According to Tim Murray, senior mortgage consultant at Capitol Federal Savings, most banks adhere to the Ability-to-Repay guidelines from federal regulators, which provide a framework for determining what a borrower can afford.
“Each borrower’s financial situation and goals are unique,” Murray said. “Capitol Federal has experienced loan staff available to assist borrowers in determining what may be right for them.”
Murray recommends having a pre-approval letter in hand prior to beginning to look at properties. This helps buyers maintain realistic expectations and shows they are serious about buying versus just looking.
Potential buyers might be surprised to find they qualify for a larger loan amount than they initially guessed. It’s important to keep in mind, however, that buying a home at the top of your budget could mean sacrificing on travel, dining out, home improvements, vehicle purchases and other lifestyle considerations in the future.
“It’s a very personal decision how much one would like to spend,” Sauder said. “Some like to spend as much as they can afford and others don’t. As Realtors, we mainly try to make sure that we search for homes that are appropriate for the budget the buyer has set forth.”
First-time borrowers often forget to factor ongoing maintenance expenses into their long-term budget, which can leave them in a pinch. Murray reminds clients to account for expenses such as the replacement of air filters, repairing or replacing hot water heaters, the replacement of appliances as they wear out and painting, mowing and landscaping costs — all of which can add up quickly.
He also encourages them to plan for annual increases in real estate taxes and homeowners insurance when creating a housing budget.
In order to stay within budget and avoid costly repairs that could come up right away, Sauder recommends ordering a thorough inspection of the property before closing. Being diligent during the inspection period can uncover issues and help avoid budget-blowing trouble down the road.

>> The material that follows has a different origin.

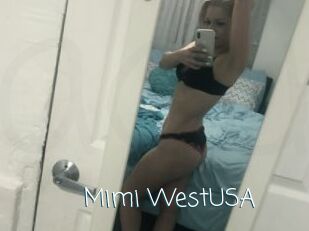Mimi_WestUSA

“The most important part of a transaction is the inspection period,” Sauder said. “I have always believed that if there is something bad about a house, it is better to find it during inspections and have a deal fall apart than it is to find out the hard way, which is after closing.”
When selling and purchasing homes simultaneously, making two mortgage payments or paying for temporary housing and storage should be factored into the budget if closings aren’t aligned. Renting a moving truck and purchasing new furniture also contribute to hidden costs and aren’t covered by the terms of a home loan. It’s a good idea to have some extra money set aside for these incidental expenses.

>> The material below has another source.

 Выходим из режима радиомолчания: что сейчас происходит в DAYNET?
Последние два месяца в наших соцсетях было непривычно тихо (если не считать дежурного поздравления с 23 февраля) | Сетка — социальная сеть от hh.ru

Deal seekers may find the idea of purchasing a fixer-upper tempting and see it as a way to save money, but Sauder encourages first-time buyers to proceed with caution.

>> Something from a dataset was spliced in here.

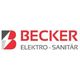 Elektro-Becker-Sanitär GmbH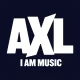 AXL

“Buying properties that need improvements is something that is not for beginners,” Sauder said. “These scenarios require some experience in ownership. For those that are investing, it is important to have the money on hand to make the necessary repairs.”
There are some loans that allow buyers to borrow money for the purpose of making improvements. However, they typically require bids and estimates for the cost of repairs and work to be performed by licensed contractors.
“It’s important to go into a project with a plan and a budget, and that budget needs to include a contingency plan for when something unplanned comes up,” Sauder said.
Another mistake first-time buyers make is abandoning a budget altogether because the right house at the right price isn’t currently on the market or by buying a house based on emotional decision-making alone.
“Inventory is low, so it is likely that the perfect house at the perfect price won’t be readily available,” Sauder said. “It’s OK to be patient and wait to find the one. The right house will come along, and when it does two things will happen. First, you will know it is the one, and second, your Realtor will help you get the best deal possible.”
Sauder recommends using a Realtor to stay within budget and help buyers look objectively at what is realistic and what may be beyond reach. This advice also extends to those looking to sell at a good price and in a reasonable amount of time.
“Realtors are very good at telling what a home is worth as it sits and what it could be worth with improvements,” Sauder said. “We get to do this every day, and when we come up with a price, we typically have stats to back that opinion up. In the kind of market that we are in now, sellers who have priced their properties competitively have gotten more money for their homes and (sold) faster. My advice would be to listen to the pros.”